In October 1933, ten thousand people attended an event at the Royal Albert Hall in London organised by several organisations including the AAC. Albert Einstein, in his last major public address in Europe before taking up his post at Princeton University in the United States, spoke on the importance of academic freedom. Receiving wild cheers throughout his speech, he encouraged the audience to "resist the powers which threaten to suppress intellectual and individual freedom" and spoke of our duty to "care for what is eternal and highest amongst our possessions".
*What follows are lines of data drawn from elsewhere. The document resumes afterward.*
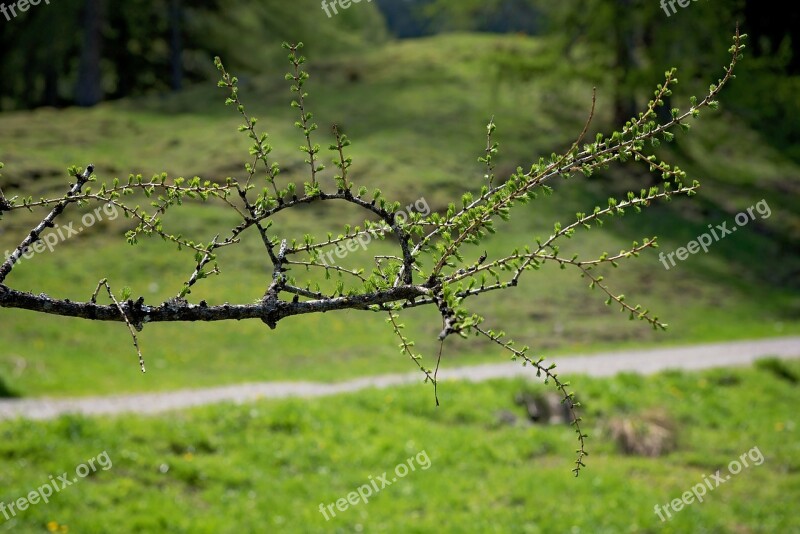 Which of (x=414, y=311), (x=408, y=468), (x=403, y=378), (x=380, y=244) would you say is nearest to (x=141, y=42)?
(x=380, y=244)

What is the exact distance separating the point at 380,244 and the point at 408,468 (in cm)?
922

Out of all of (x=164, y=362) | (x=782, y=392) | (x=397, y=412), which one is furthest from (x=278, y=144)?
(x=782, y=392)

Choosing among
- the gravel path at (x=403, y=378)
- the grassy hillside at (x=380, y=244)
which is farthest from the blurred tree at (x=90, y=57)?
the gravel path at (x=403, y=378)

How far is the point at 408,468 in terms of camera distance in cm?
934

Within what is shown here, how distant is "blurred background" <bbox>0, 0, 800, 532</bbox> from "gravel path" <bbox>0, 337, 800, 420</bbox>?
68cm

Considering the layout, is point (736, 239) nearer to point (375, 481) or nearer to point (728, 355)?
point (728, 355)

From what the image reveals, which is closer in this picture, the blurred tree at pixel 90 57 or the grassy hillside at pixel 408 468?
the grassy hillside at pixel 408 468

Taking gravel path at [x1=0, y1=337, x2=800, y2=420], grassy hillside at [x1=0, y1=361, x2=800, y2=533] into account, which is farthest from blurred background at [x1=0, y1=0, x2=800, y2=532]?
gravel path at [x1=0, y1=337, x2=800, y2=420]

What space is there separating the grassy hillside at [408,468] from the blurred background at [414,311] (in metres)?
0.03

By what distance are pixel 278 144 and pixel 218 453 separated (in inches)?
509

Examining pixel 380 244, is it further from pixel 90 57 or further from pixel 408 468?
pixel 90 57

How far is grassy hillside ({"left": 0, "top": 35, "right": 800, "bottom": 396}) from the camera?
1475 centimetres

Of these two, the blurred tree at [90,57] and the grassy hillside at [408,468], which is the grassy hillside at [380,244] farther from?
the grassy hillside at [408,468]

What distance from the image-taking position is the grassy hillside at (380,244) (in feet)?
48.4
In 1936, the AAC changed its name to the Society for Protection of Science and Learning (SPSL). This change reflected the ideological development of the role of the organisation: from assisting individual academics, to the protection of academic freedom itself. Thousands of academics were helped by SPSL in the 1930s and 1940s; some, having escaped Nazi Germany and Austria, then needed further aid to be released from British internment on the Isle of Man as enemy aliens. Sixteen academics assisted became Nobel Laureates, eighteen were knighted and over a hundred were elected as Fellows of the British Academy or the Royal Society. Notably Ludwig Guttmann went on to found the Paralympics; Max Born was a pioneer of quantum mechanics and one of the most prominent physicists to oppose the development of nuclear weapons; and Ernst Chain would be instrumental in the discovery of penicillin.
The SPSL's work continued past the end of the Second World War. Beveridge would later explain in his A Defence of Free Learning (1959) how "although Hitler was dead, intolerance was not" and "continued needs and the possible future crises" rendered the Society's services as necessary as ever, in Europe and across the world.